===== Data segment =====
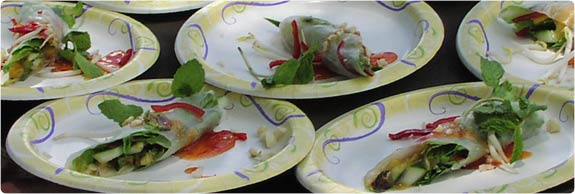 Maui Chef Christian Jorgensen Maui Onion Summer Rolls Recipe Image.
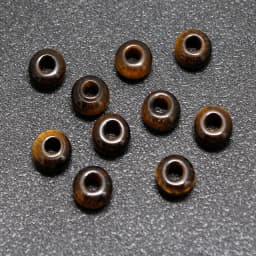 10Pcs Natural Crystal Agate Stone Big Hole Beads Abacus Spacer Beads Crafts Supplies for Jewelry Making DIY Bracelet Accessories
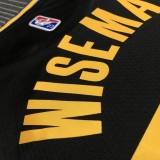 NBA Men 75th Anniversary Season 2022 Golden State Warriors Black #33 WISEMAN Jersey High Quality Name and Number Print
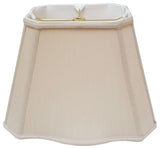 Fancy Bottom Rectangle Basic Lampshade, Beige, 13.25"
=====
Exercise aim —
Everything in the material must be duplicated exactly, except the pictures.

Task solution —
 Maui Chef Christian Jorgensen Maui Onion Summer Rolls Recipe Image.
 10Pcs Natural Crystal Agate Stone Big Hole Beads Abacus Spacer Beads Crafts Supplies for Jewelry Making DIY Bracelet Accessories
 NBA Men 75th Anniversary Season 2022 Golden State Warriors Black #33 WISEMAN Jersey High Quality Name and Number Print
 Fancy Bottom Rectangle Basic Lampshade, Beige, 13.25"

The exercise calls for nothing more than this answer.